The activation level of c-kit ICD was assessed by phosphorylation of typical growth- associated signaling molecules: Src family kinases and mitogen-activated protein kinase kinase (MEK)28,29. Consequently, all of the co-transductants with the interacting POI pairs clearly induced phosphorylation of both Src and MEK (Fig. 2a–f; p-Src and p-MEK). Since no phosphorylation was detected in single transductants (Fig. 2a–f) and shuffled controls (Supplementary Fig. S3b), the observed phosphorylation was due to neither co-expression nor interaction between helper modules, but PPI-dependent signaling.
Detection of peptide aptamer–polypeptide interactions based on cell proliferation
To test whether the cell growth depends on the helper ligand and PPIs, a cell proliferation assay was performed (Fig. 3). The co-transductants expressing interacting POI pairs but no single transductants proliferated, which was consistent with the phosphorylation patterns in western blotting. Notably, the proliferation levels increased depending on the concentration of the helper ligand, indicating that the helper ligand strongly boosted the sensitivity of KIPPIS. This helper ligand-dependent proliferation was not observed in single transductants, indicating that not only the helper module but also the interaction between POIs was required for the growth signaling. Moreover, cell proliferation was not induced in co-transductants in which the polypeptide chimeras were enforced to pair with the shuffled non-interacting peptide aptamers (Supplementary Fig. S3c). Since our previous study had already shown the p53–MDM2 interaction-dependent cell growth16, here we additionally succeeded in inducing cell growth for 5 additional POI pairs.

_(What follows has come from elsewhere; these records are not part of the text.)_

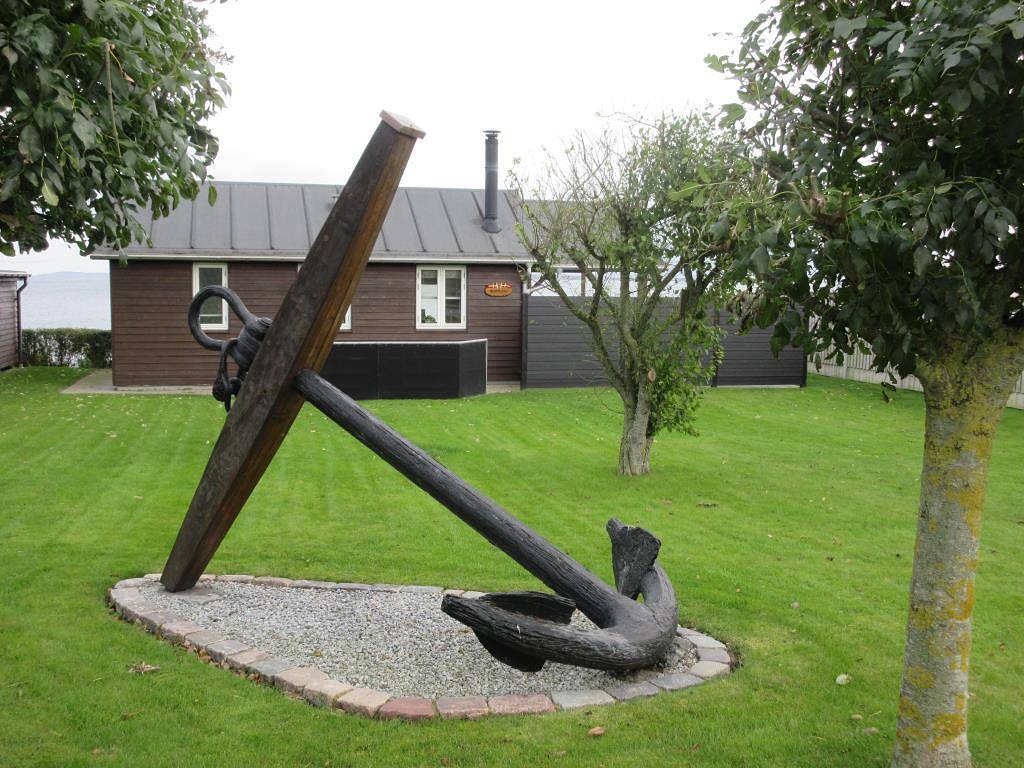 Lovely holiday house right by the fjord with a panorama view overlooking the Limfjord.  in Nykøbing Mors, Morsø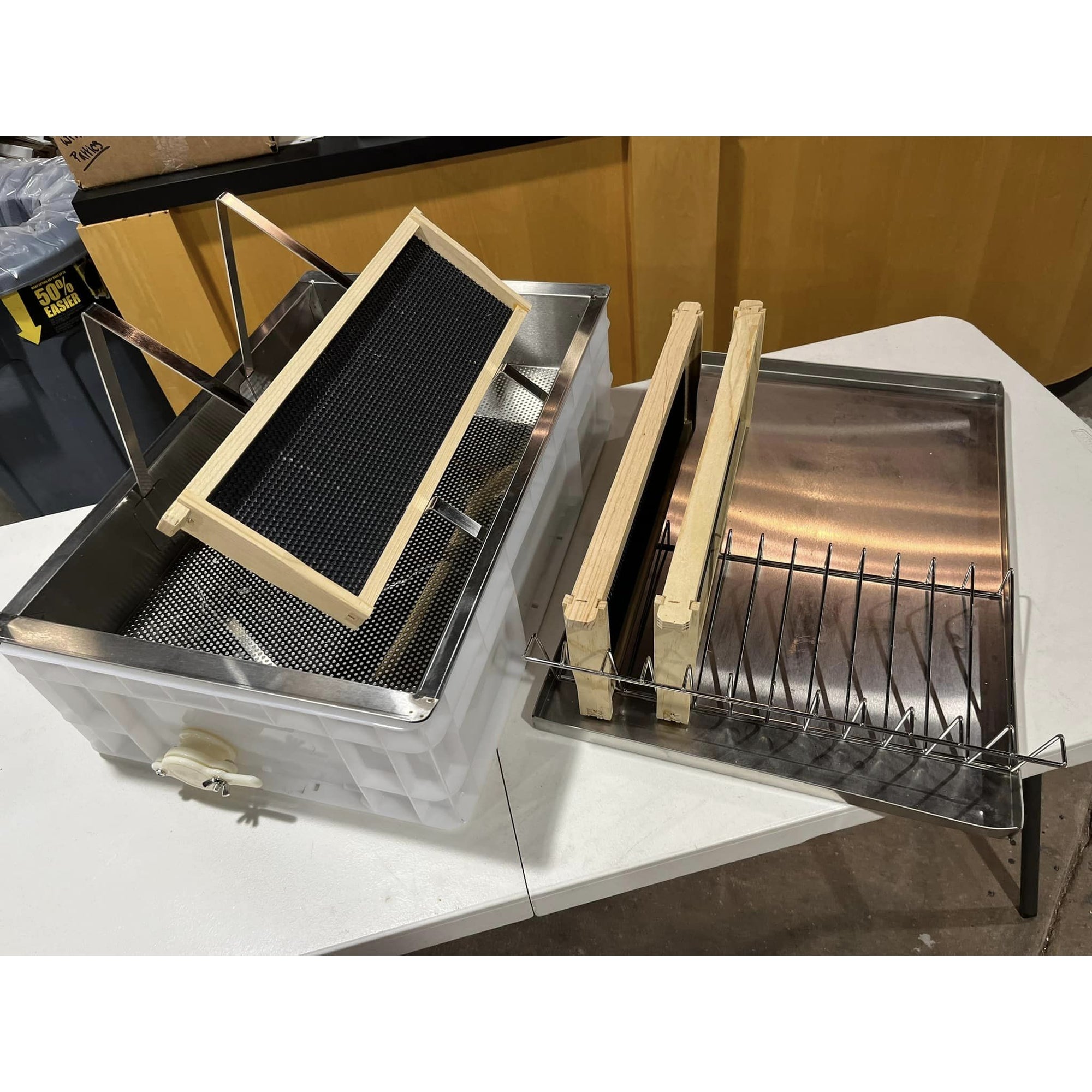 Deluxe Uncapping Tub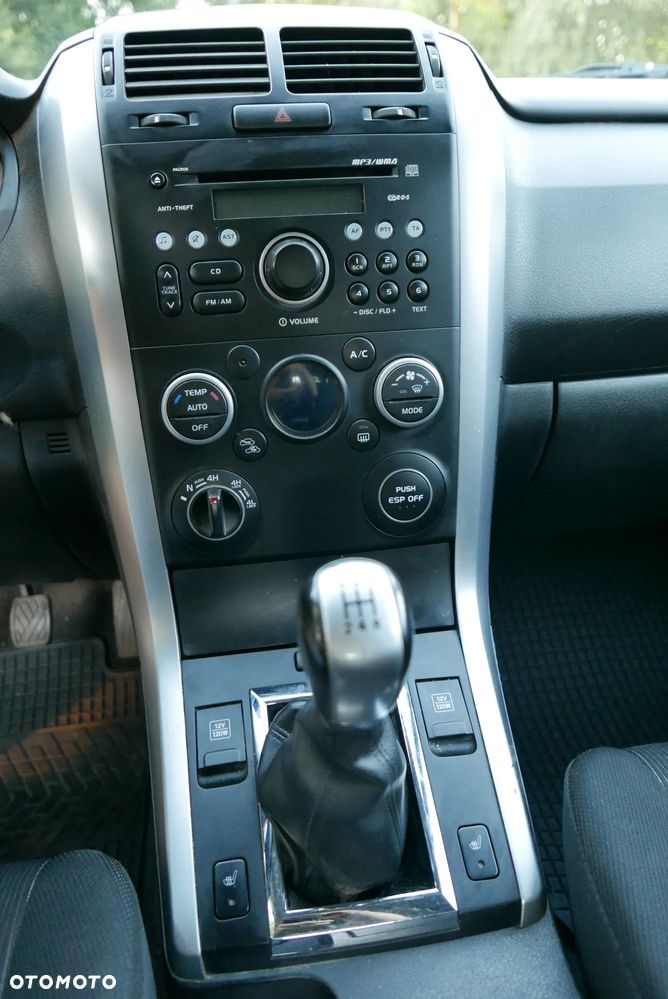 Suzuki Grand Vitara 2.4 Premium - 30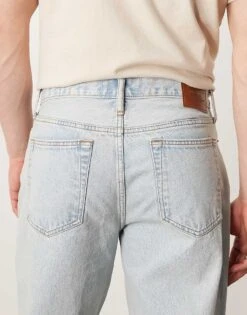 Abercrombie & Fitch Straight Leg Jeans In Bleach Blue Wash For Men Light -Abercrombie and Fitch Fashion Shop 207886646 4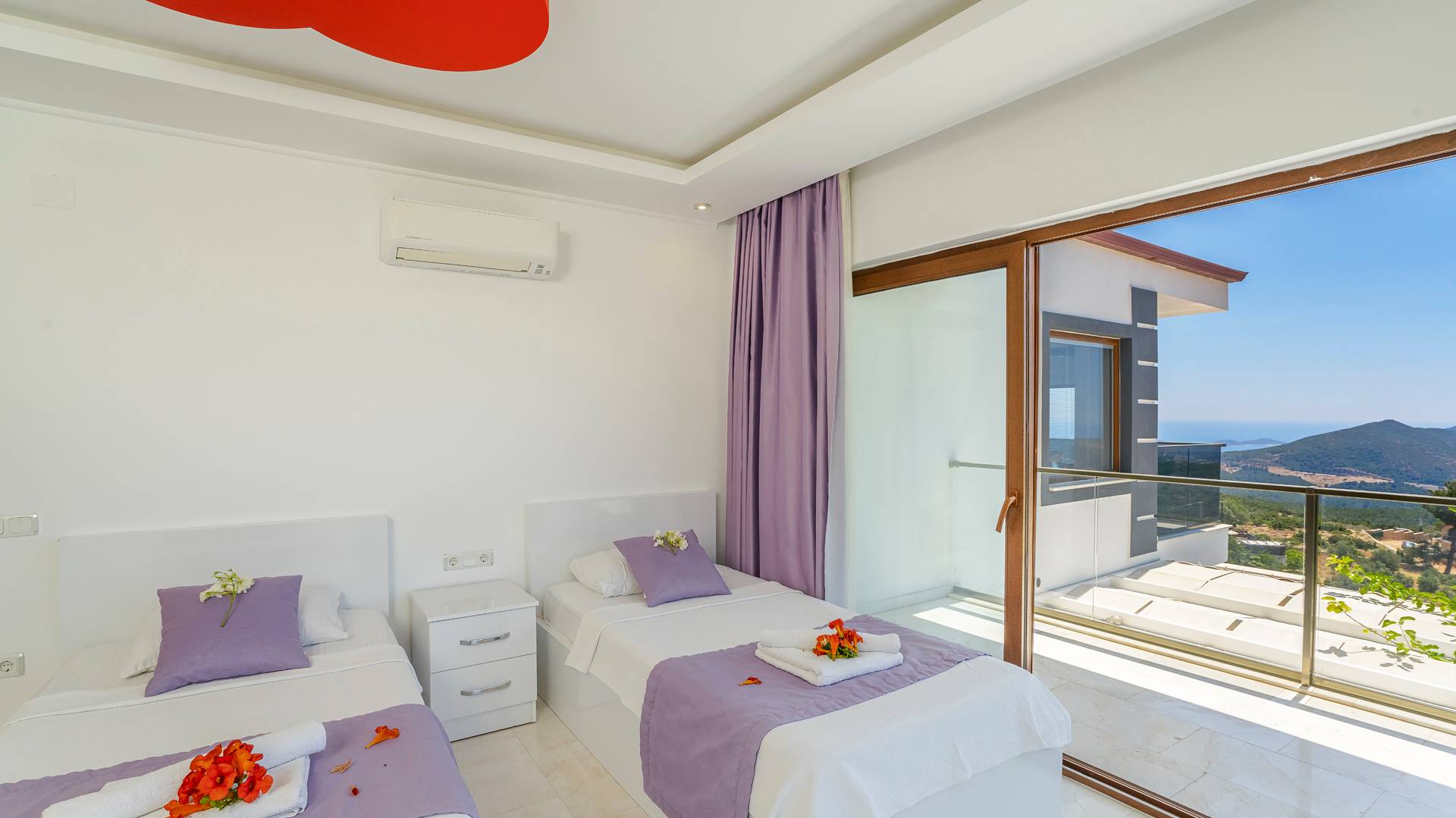Kaş İslamlar'da Kartpostallık Manzaralı, Özel Havuzlu, 2+1 Villa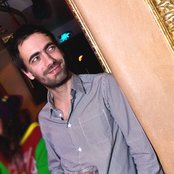 Para One - List pictures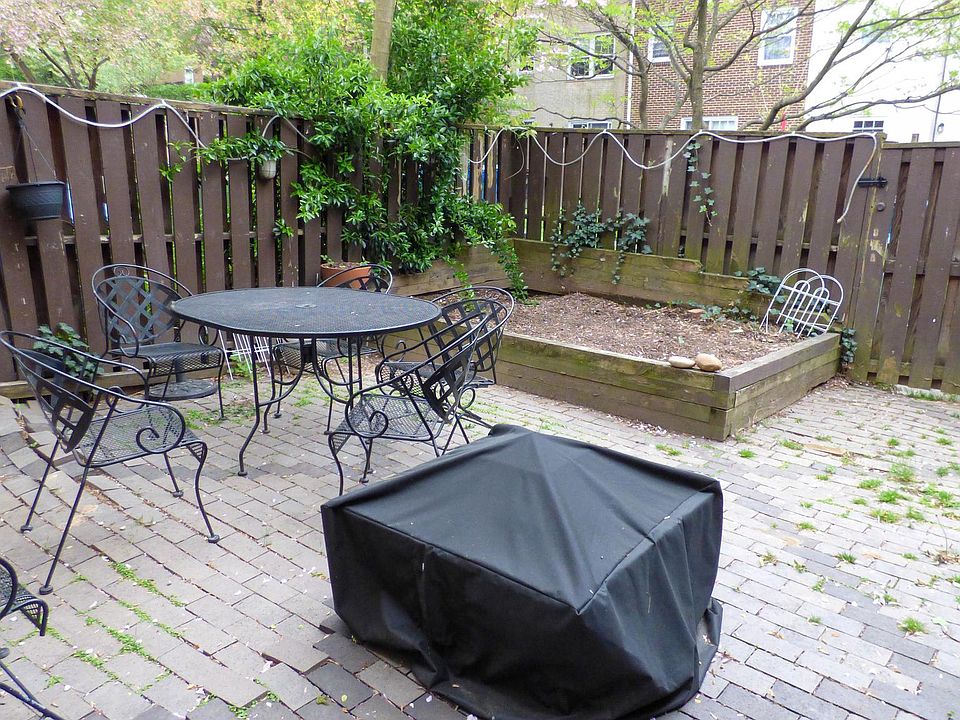 1st image of 3316 Applegate Ct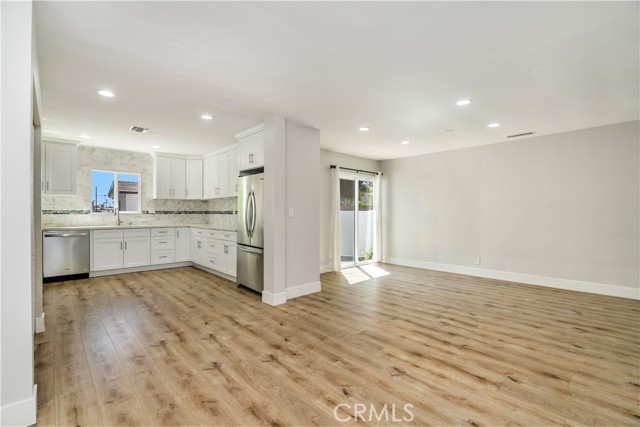 MLS #SR25263122 image #8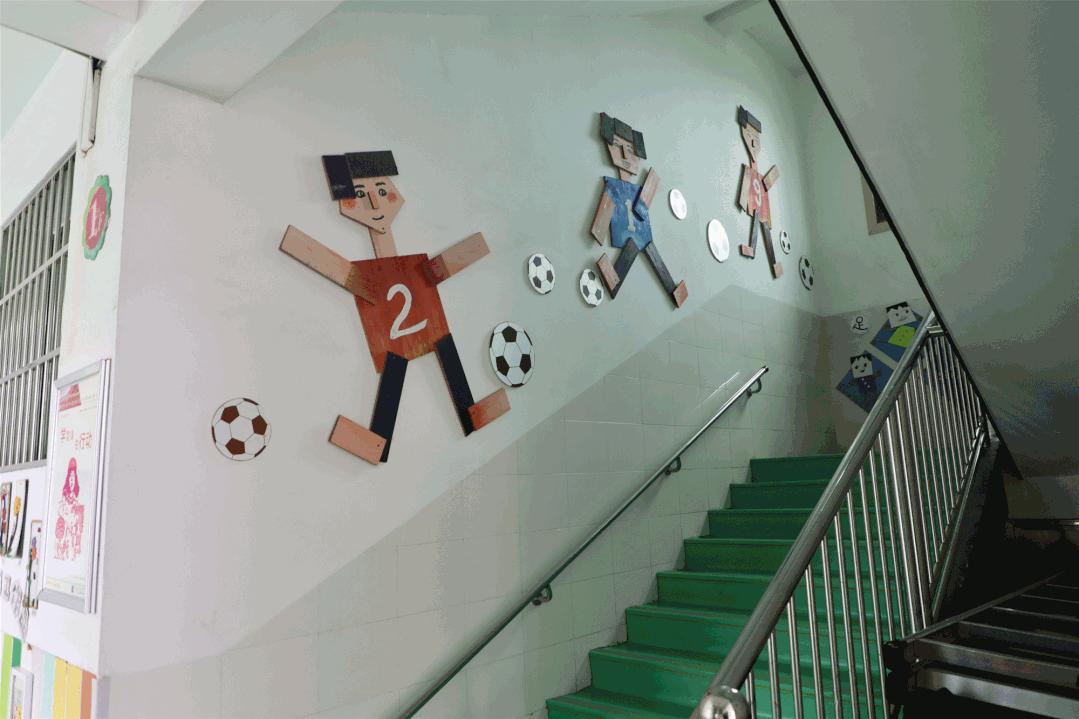 喜讯我校入足球特色示范校,恭喜幼儿园足球比赛得奖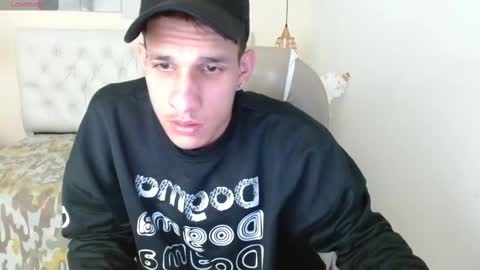 Jheider R. online show from December 8, 4:25 am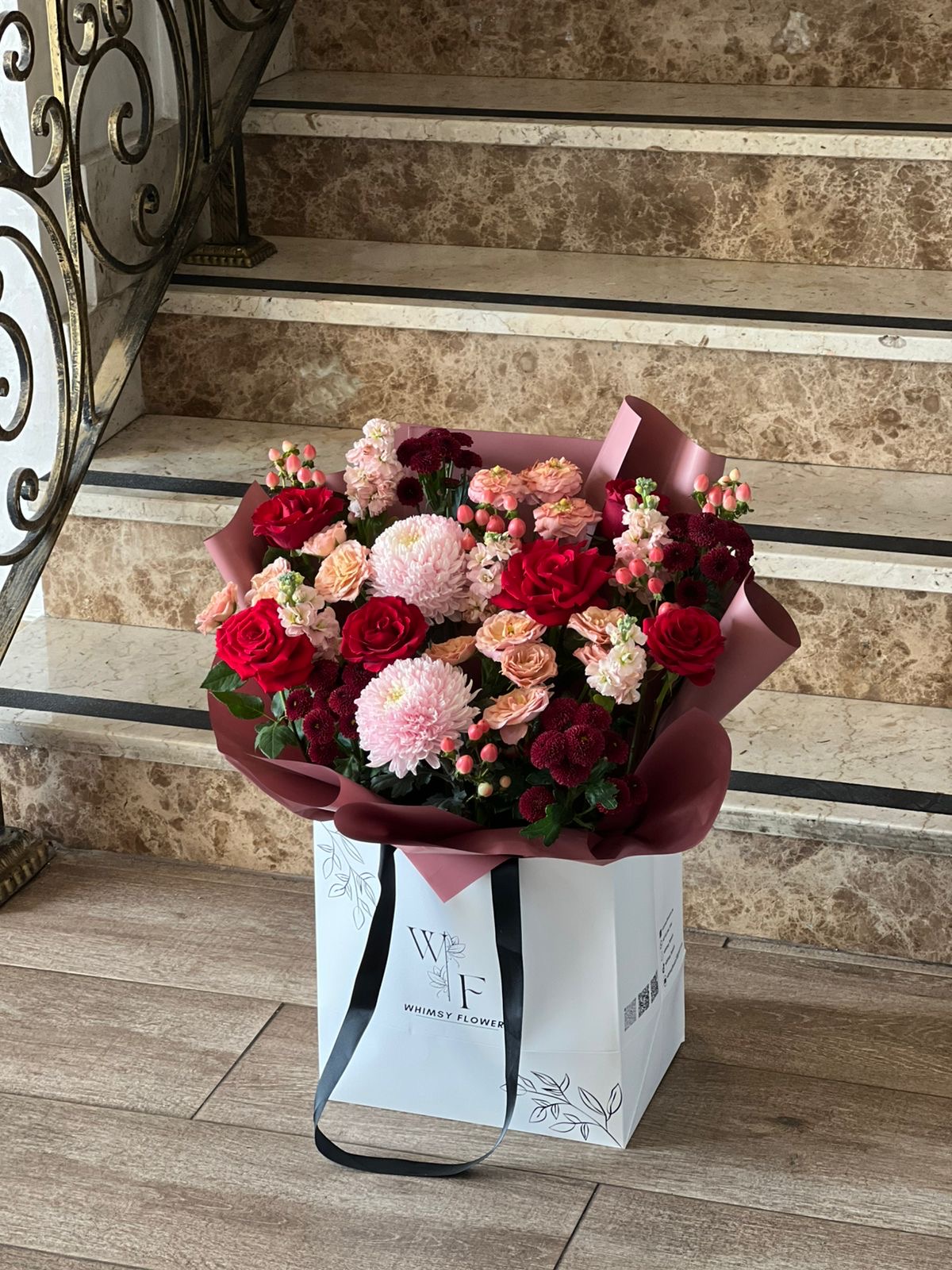 Elegant Rose & Chrysanthemum Bloom Box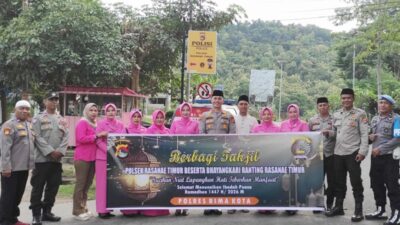 Polsek Rasanae Timur dan Bhayangkari Berbagi Takjil, Sampaikan Imbauan Tertib Lalu Lintas Secara Humanis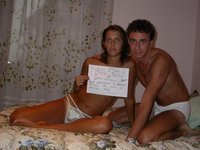 Young amateur couple share homemade pics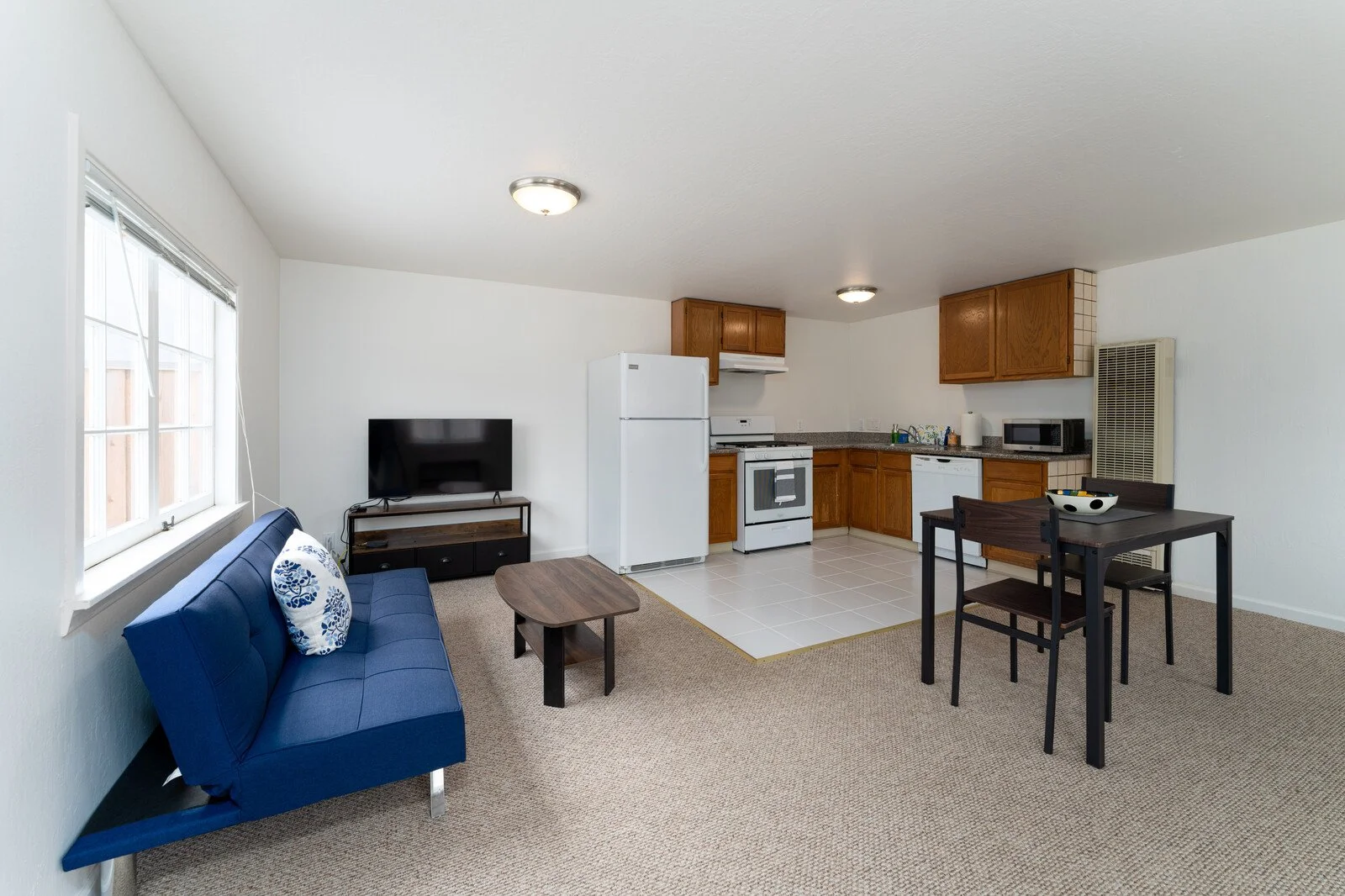 LEASED:  736 LINDEN AVE, Burlingame (Guest House)
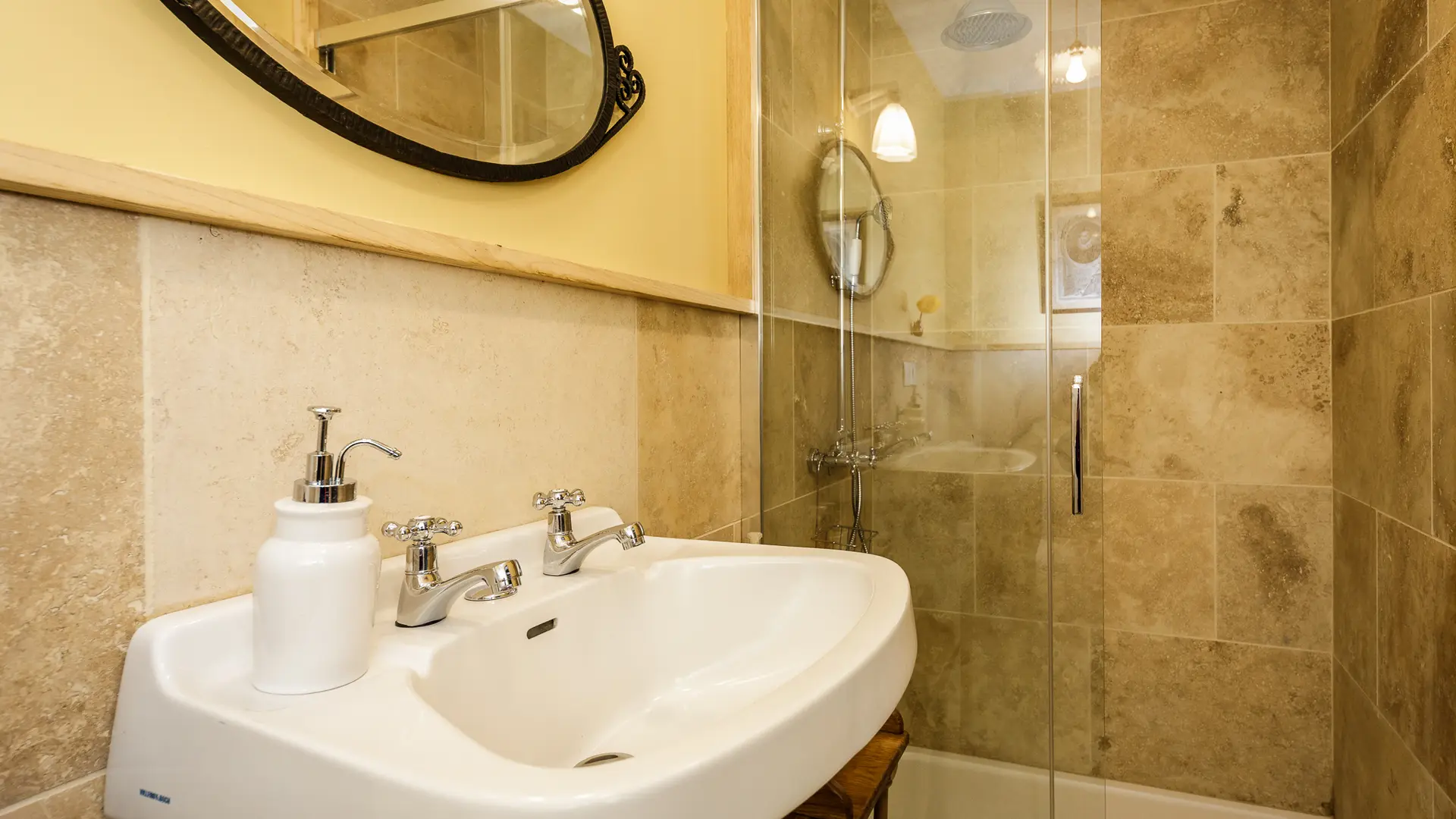Lou Castel chambre 'Bleuet'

Detection of the endogenous/synthetic/viral peptide aptamer–polypeptide interactions based on cell proliferation. The chimeras expressed in the Ba/F3 transductants are shown as the abbreviated names. A cell proliferation assay was performed for detecting p53–MDM2 (a), EZH2–EED (b), PA7–Id1 (c), DIEDML–KIX (d), PB1N–PA (e), and PB2–PB1C (f) interactions with/without the serially diluted helper ligand (0.01, 0.1, 1, 10, 100 nM). The initial cell density was 1 × 105 cells/ml. The viable cell densities after 72 h are indicated as mean ± SD (n = 3, biological replicates).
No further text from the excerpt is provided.